===== SOURCE MATERIAL =====

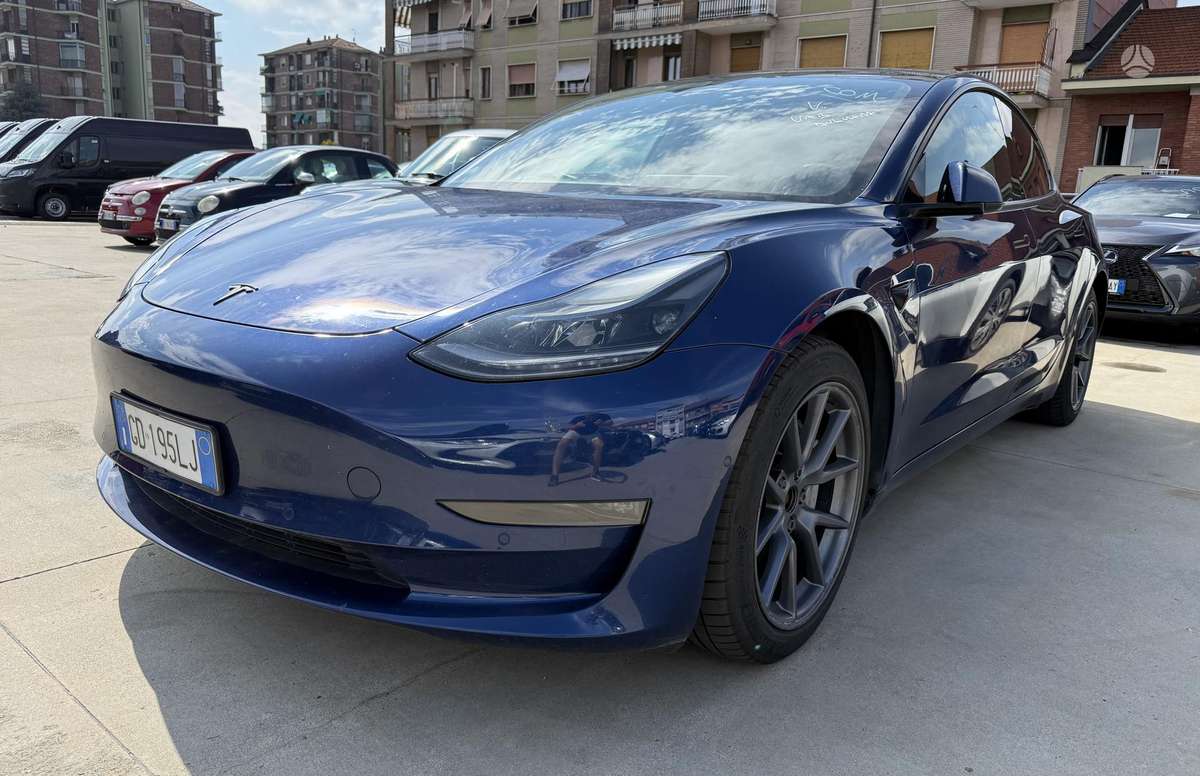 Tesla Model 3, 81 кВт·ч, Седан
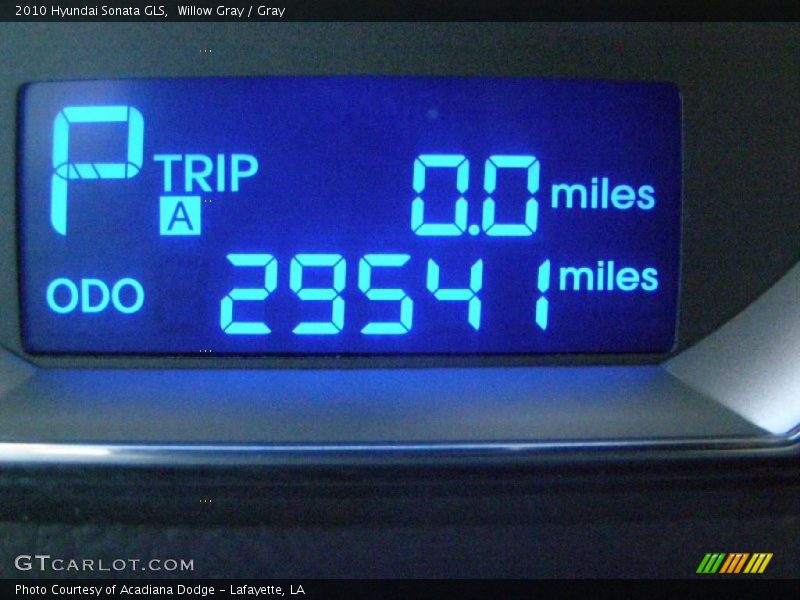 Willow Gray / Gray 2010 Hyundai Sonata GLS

=====
===== SOURCE MATERIAL =====

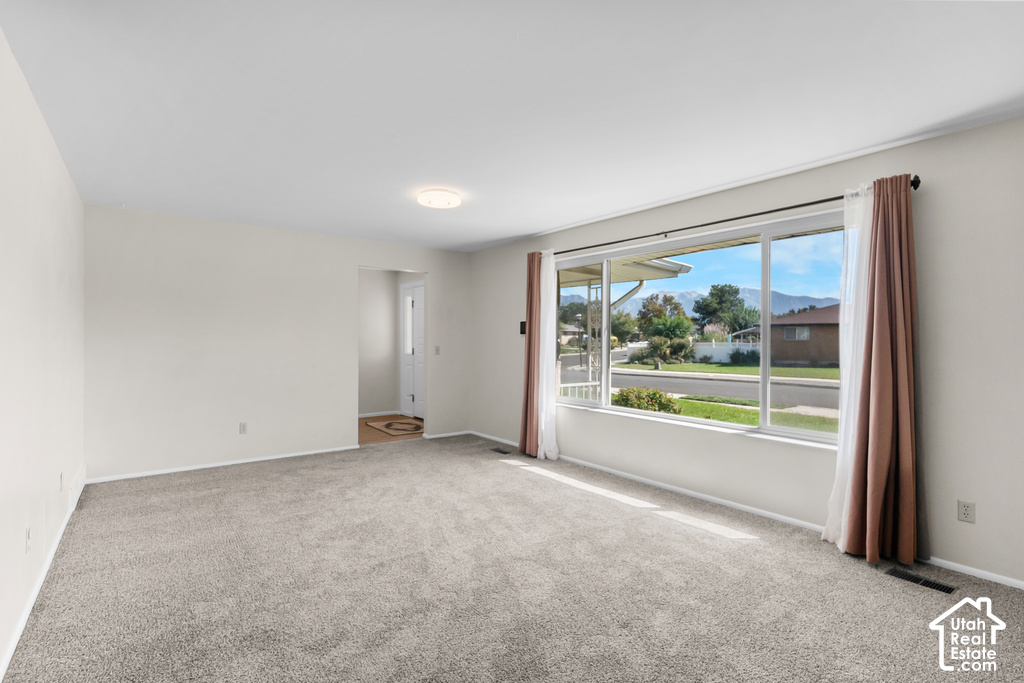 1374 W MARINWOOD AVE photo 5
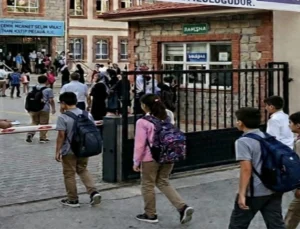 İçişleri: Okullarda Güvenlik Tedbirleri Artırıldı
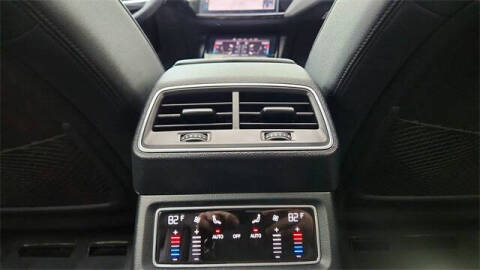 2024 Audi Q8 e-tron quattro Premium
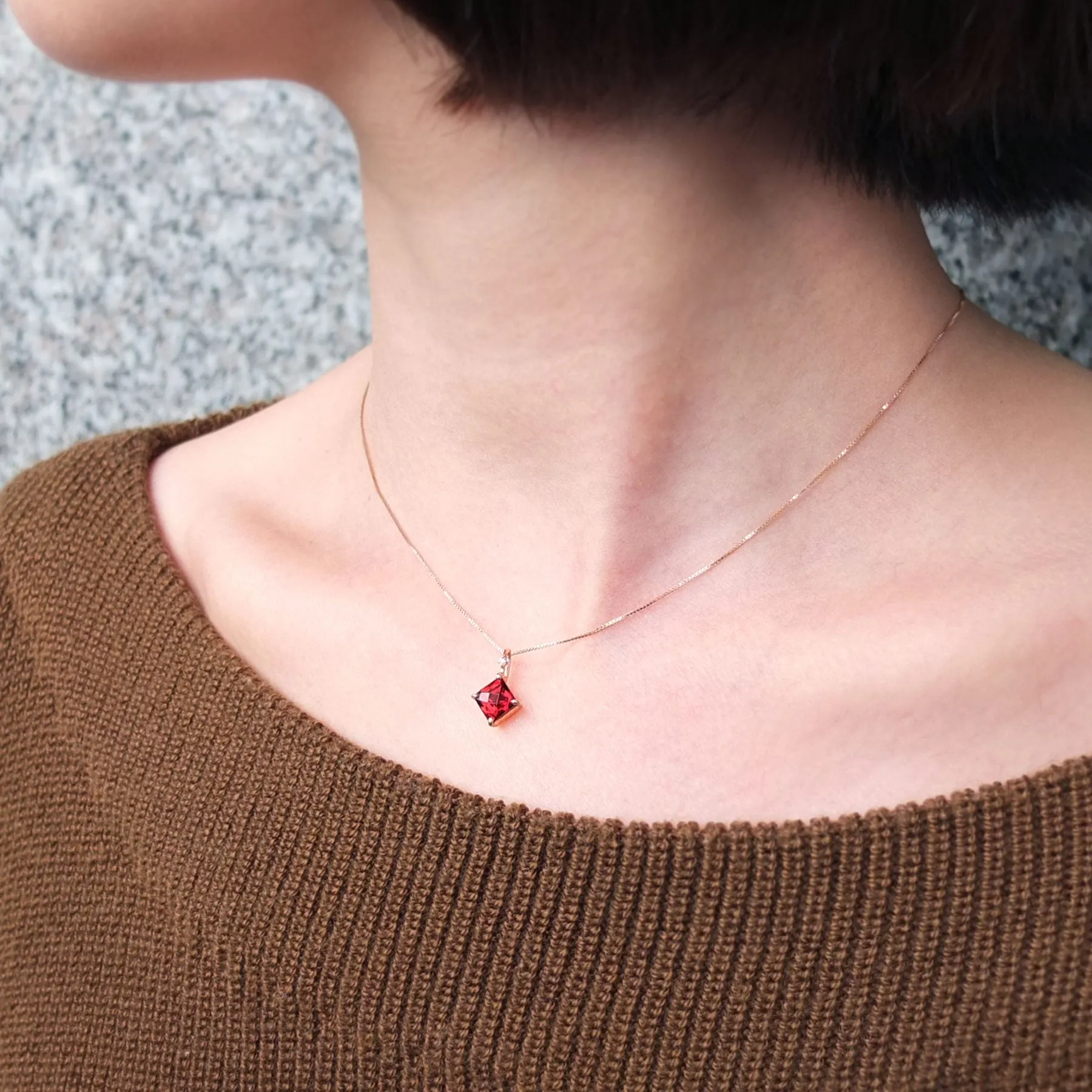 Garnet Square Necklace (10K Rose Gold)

=====

Please repeat, exactly as written, the lines in the records above, starting with the one that has "Tesla Model 3, 81 кВт·ч, Седан" and going on through the one that has "Willow Gray / Gray 2010 Hyundai Sonata GLS". Pictures are to be left out.

 Tesla Model 3, 81 кВт·ч, Седан
 Willow Gray / Gray 2010 Hyundai Sonata GLS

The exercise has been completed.